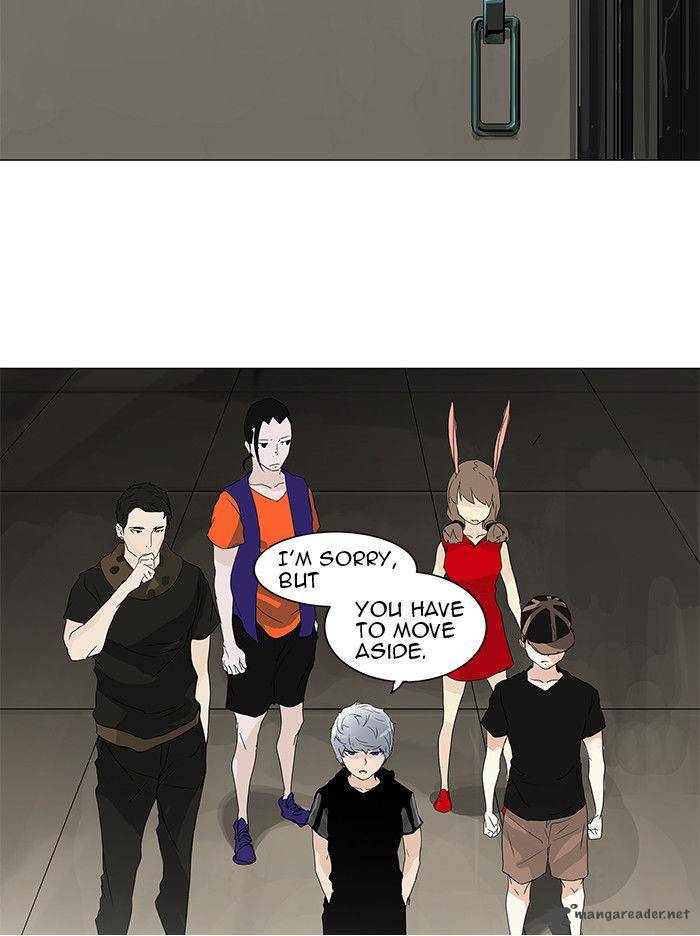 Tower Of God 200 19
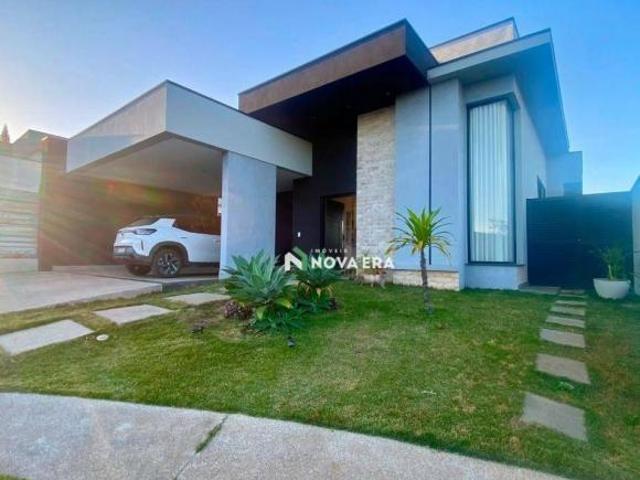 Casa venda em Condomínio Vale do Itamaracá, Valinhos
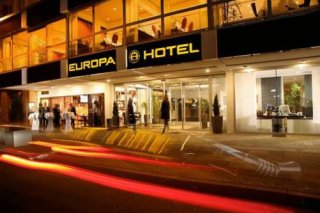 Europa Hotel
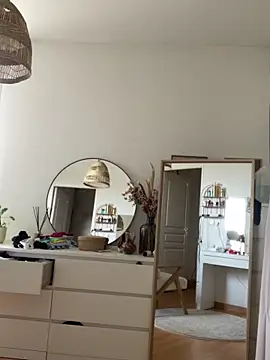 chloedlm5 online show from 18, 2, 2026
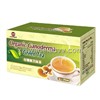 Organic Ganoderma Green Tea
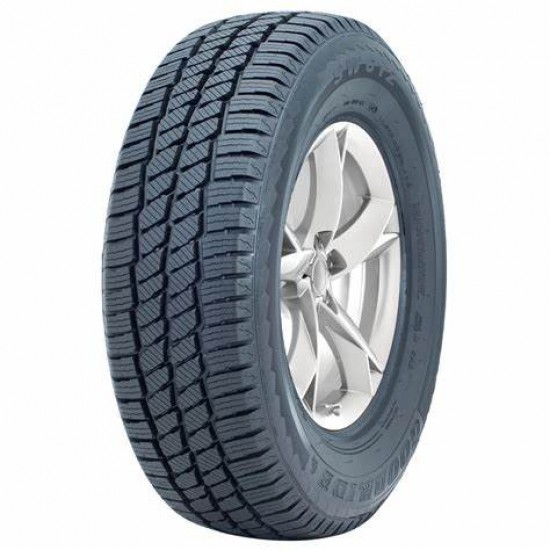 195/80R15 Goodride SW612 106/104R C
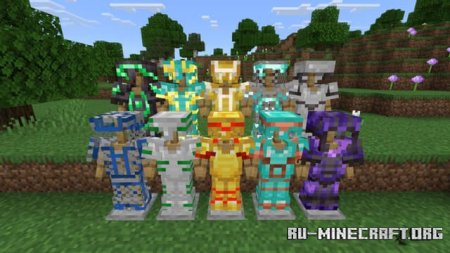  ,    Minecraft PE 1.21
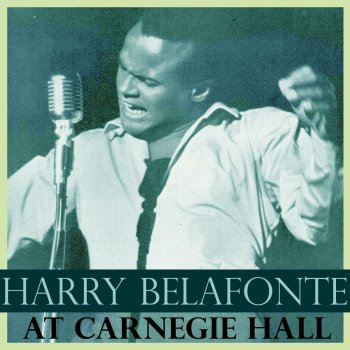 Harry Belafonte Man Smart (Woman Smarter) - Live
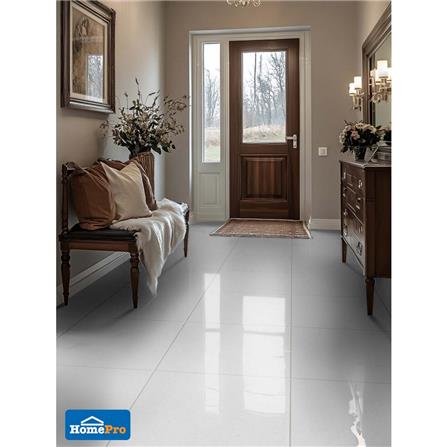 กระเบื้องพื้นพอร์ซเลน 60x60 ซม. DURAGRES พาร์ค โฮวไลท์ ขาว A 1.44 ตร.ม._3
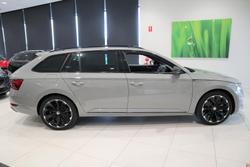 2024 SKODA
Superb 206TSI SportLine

========================================

ABOUT THIS EXERCISE: Before copying, set the pictures aside; then reproduce each entry above exactly.

SOLUTION BELOW:
 Tower Of God 200 19
 Casa venda em Condomínio Vale do Itamaracá, Valinhos
 Europa Hotel
 chloedlm5 online show from 18, 2, 2026
 Organic Ganoderma Green Tea
 195/80R15 Goodride SW612 106/104R C
  ,    Minecraft PE 1.21
 Harry Belafonte Man Smart (Woman Smarter) - Live
 กระเบื้องพื้นพอร์ซเลน 60x60 ซม. DURAGRES พาร์ค โฮวไลท์ ขาว A 1.44 ตร.ม._3
 2024 SKODA
Superb 206TSI SportLine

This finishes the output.